All well and good, until the kid and his buddy take the stand, where it becomes immediately obvious that they are lying through their teeth about not having anything to do with it. They freely admit to lying about their alibi for that night on no less than four seperate occasions, and it's also readily apparent that their respective fathers are trying desperately to cover for them.

I believe in my heart that they have done it, but I have lingering doubt that the state has proven this, given that we are being asked to take the word of a pathological liar to convict the kid. (Nevermind that the liar in question is also the defendant) When we are finally dismissed to deliberate at 6, I argue this point to people, and I put forth a good argument (the attorney on the jury says I ought to consider lawyering. I resist the urge to smack her face off)

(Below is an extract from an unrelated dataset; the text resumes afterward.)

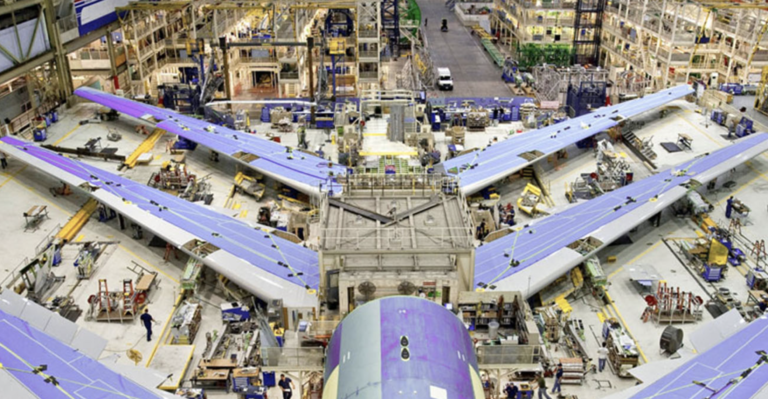Aircraft manufacturing process with Quuppa colors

Thursday- Back again at 8 for more deliberation. After thinking about it overnight, and talking it over with the gang in the jury box for a couple hours, I come to realize that my doubt is unreasonable, because while the kid is a liar, he obviously has much more to gain by lying to say he didn't do it than to lie and say he did. "he was confessing to impress his girlfriend" is an obvious ploy for sympathy, and also hard to swallow, seeing as he didn't begin to deny his "confessions" until after he had been arrested for them, which, by the way, was not until three weeks after he initially admitted to it. "I'm too dumb to remember that everything I say can and will be used against me in a court of law and thus insist that my lawyer be present, especially when it's obvious to everyone and their mom that there's no way in hell they can convict me without my cooperation." is not a good enough defense. The straw that breaks the camels back came when I was reminded that the kid had slipped up and described the bat used to break the windows before the police had ever mentioned a bat, and while there are possible scenarios where he could have known what it looked like without having been involved, they are far more outside the realm of believability than the simple fact that he's guilty. I change my vote to guilty, so does the other guy who was holding out for acquittal, and we have a verdict. Dunno what the kid will get, but he's young, and it was only his second offense (and committed when he was a minor) so his life is not over.

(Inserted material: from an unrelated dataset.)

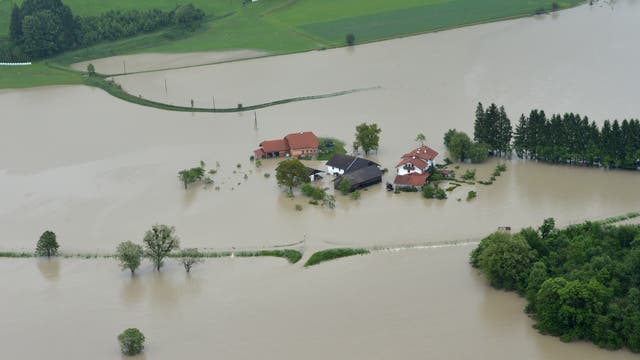 Hochwasser bei Burghausen im Luftbild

Plus anyone that stupid needs to be scared into not even thinking about committing another crime early on (it would not do to have this kid thinking he's some kind of master criminal- he'd be in for a life of disappointment)

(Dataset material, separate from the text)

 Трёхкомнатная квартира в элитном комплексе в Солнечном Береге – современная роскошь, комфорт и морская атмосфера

I'm proud of our jury- we paid close attention (I took 30 pages of notes), considered all the facts, were not swayed by emotion, and took our time despite the length of the trial to come up with what we felt was the right verdict. Go us!

And that was my week as a juror. I have to go back again for a different trial next thursday. I'm enjoying the experienc, even if I did just find a guy guilty. My newfound knowledge of the ins and outs of the American criminal justice system will serve me well in the future, making it far harder for any jury to convict me.